### YOUR GOAL:
Return the material below exactly, but only from the line with "Hotel Taran by OYO" through the line with "Lacoste GRIPSHOT - Baskets", and without its pictures.

### EXERCISE MATERIAL:

----

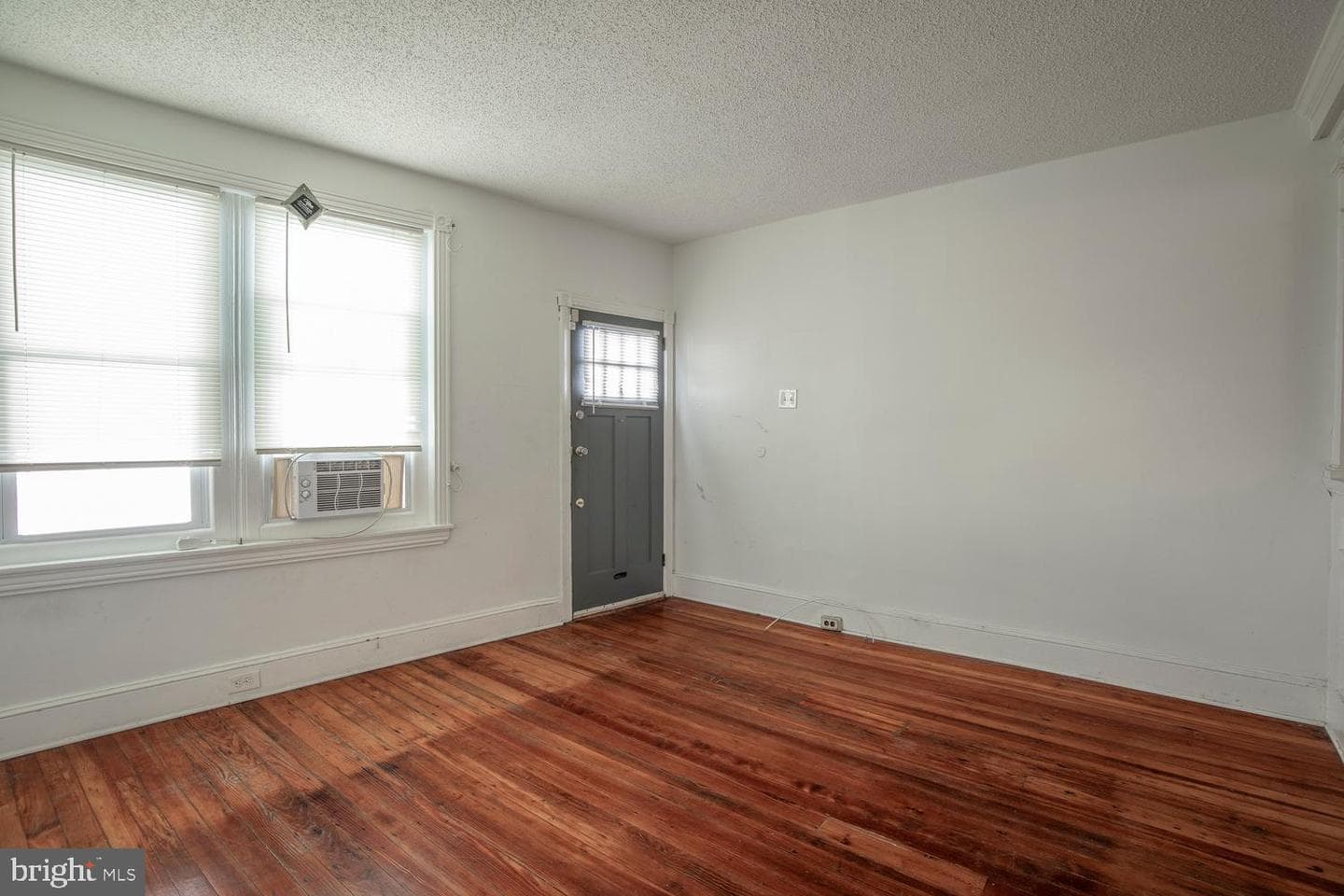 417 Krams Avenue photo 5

----

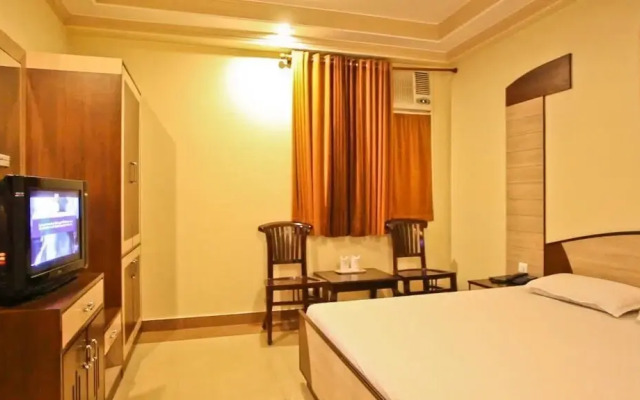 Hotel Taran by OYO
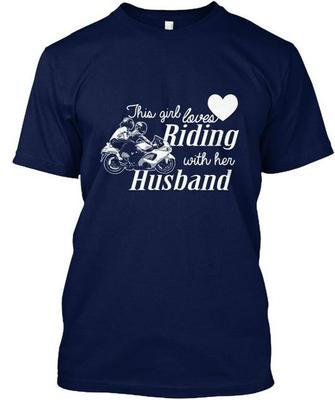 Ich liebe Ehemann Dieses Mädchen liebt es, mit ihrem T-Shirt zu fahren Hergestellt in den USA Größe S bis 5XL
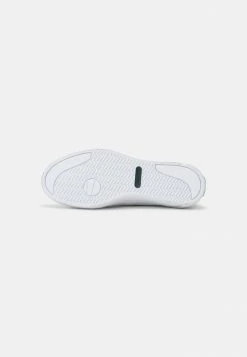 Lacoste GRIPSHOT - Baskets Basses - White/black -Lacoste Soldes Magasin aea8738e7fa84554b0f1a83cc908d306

----

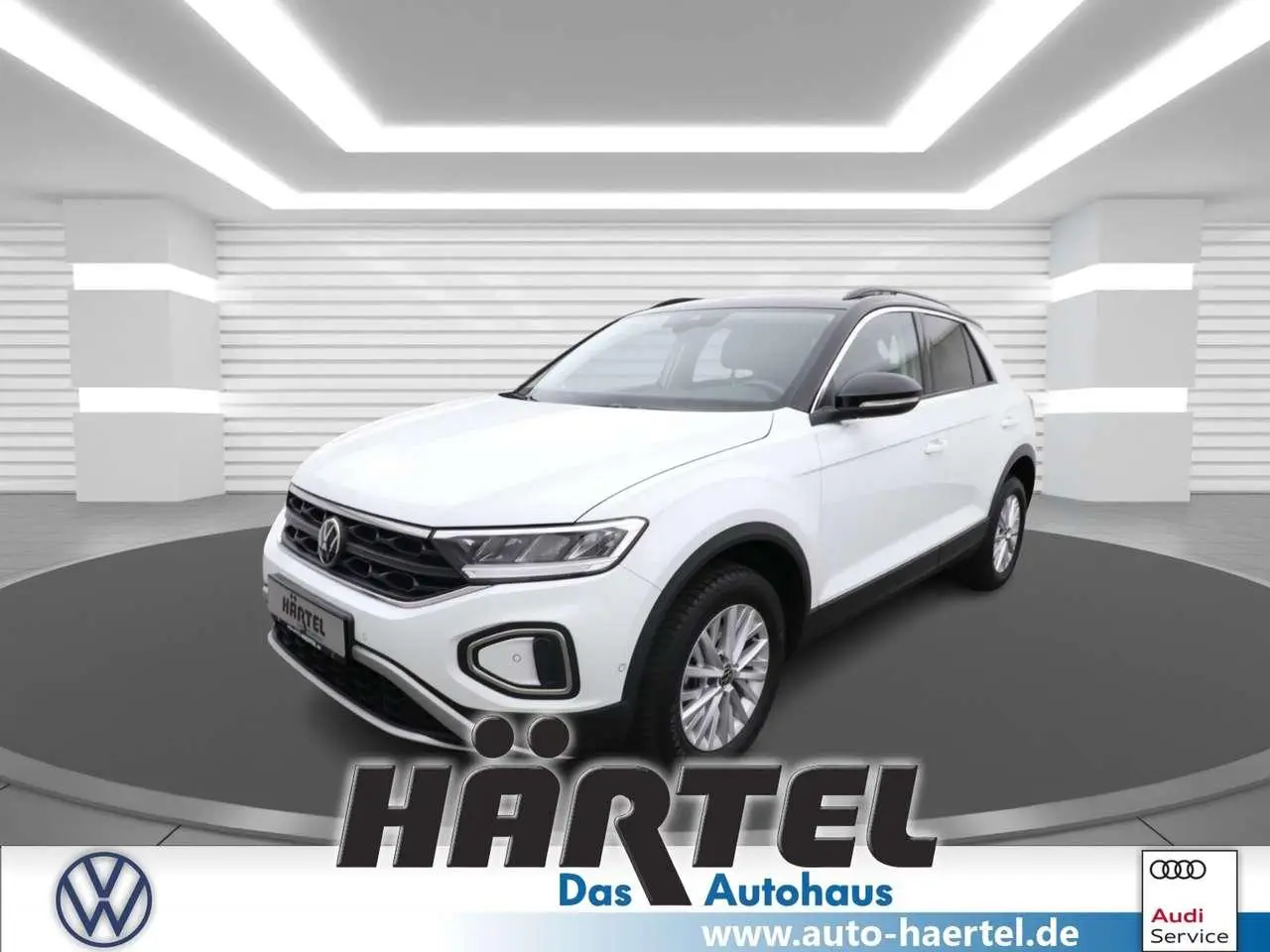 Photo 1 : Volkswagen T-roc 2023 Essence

----

### OUTPUT FOR THIS TASK:
 Hotel Taran by OYO
 Ich liebe Ehemann Dieses Mädchen liebt es, mit ihrem T-Shirt zu fahren Hergestellt in den USA Größe S bis 5XL
 Lacoste GRIPSHOT - Baskets Basses - White/black -Lacoste Soldes Magasin aea8738e7fa84554b0f1a83cc908d306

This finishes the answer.